Dispatcher 启动流程解析(DefaultDispatcherRunner / LeaderProcess)
本文聚焦 Session 集群下 Dispatcher 的启动链路:从 Entrypoint 侧创建 DispatcherRunner,到参与 HA 选举成为 leader,再到 leader process 内部完成作业恢复并拉起真正的 Dispatcher(DispatcherGateway 对外可用)。
0. 主题:Dispatcher 做什么?外部请求怎么进来?
这篇文章主要回答"Dispatcher 是怎么被启动起来的"。
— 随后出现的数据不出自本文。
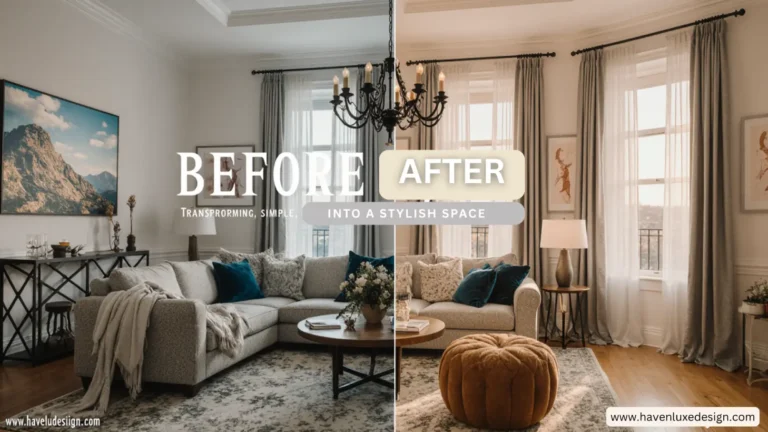 Transforming a simple room into a stylish space with modern furniture and lighting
但在读启动流程之前,先把职责边界说清楚:
- Dispatcher(
org.apache.flink.runtime.dispatcher.Dispatcher)是 JobManager 侧的"作业调度/提交中枢":对外提供DispatcherGateway,接收作业提交/触发执行,并编排 JobMaster 生命周期。 - 外部用户的入口通常不是直接调用 Dispatcher,而是通过 Web REST(也常被口语化叫 webRestEndpoint):
org.apache.flink.runtime.webmonitor.WebMonitorEndpoint提供 HTTP/REST API(例如上传 jar、提交 jar 运行等)。 - WebMonitorEndpoint 收到请求后会通过
dispatcherGatewayRetriever连接到当前 leader 的DispatcherGateway,再把"提交 jar / 提交作业"等动作转交给 Dispatcher 执行。
1. 核心组件职责(先把边界讲清楚)
org.apache.flink.runtime.entrypoint.component.DefaultDispatcherResourceManagerComponentFactory:在集群启动阶段组装并启动 Dispatcher/RM/Web 相关组件,包含"创建 DispatcherRunner 并接入 HA 选举"的关键一步。org.apache.flink.runtime.webmonitor.WebMonitorEndpoint:对外提供 REST API(接收 jar 上传/作业提交等),并通过 gateway retriever 把请求转发到当前 leader 的DispatcherGateway。org.apache.flink.runtime.dispatcher.runner.DispatcherRunnerFactory:工厂抽象,负责把"HA 的 LeaderElection + Dispatcher 所需依赖"拼成可运行的DispatcherRunner。org.apache.flink.runtime.dispatcher.runner.DefaultDispatcherRunner:DispatcherRunner的默认实现,同时是LeaderContender;负责对接LeaderElection,在 grant/revoke leadership 时启动/停止DispatcherLeaderProcess。org.apache.flink.runtime.dispatcher.runner.DispatcherLeaderProcess:一次 leader 任期内的 Dispatcher 生命周期"进程",承载恢复逻辑与 Dispatcher 创建/关闭。org.apache.flink.runtime.dispatcher.runner.AbstractDispatcherLeaderProcess:LeaderProcess 的通用基类,把 "DispatcherGateway 何时可用 / leaderAddress 如何产生 / 终止与 shutdown 如何传递"收敛成一套 Future 与状态机。org.apache.flink.runtime.dispatcher.runner.SessionDispatcherLeaderProcess:Session 模式下的 leader process:启动JobGraphStore,恢复历史 jobGraphs/dirty jobResults,并创建 Dispatcher。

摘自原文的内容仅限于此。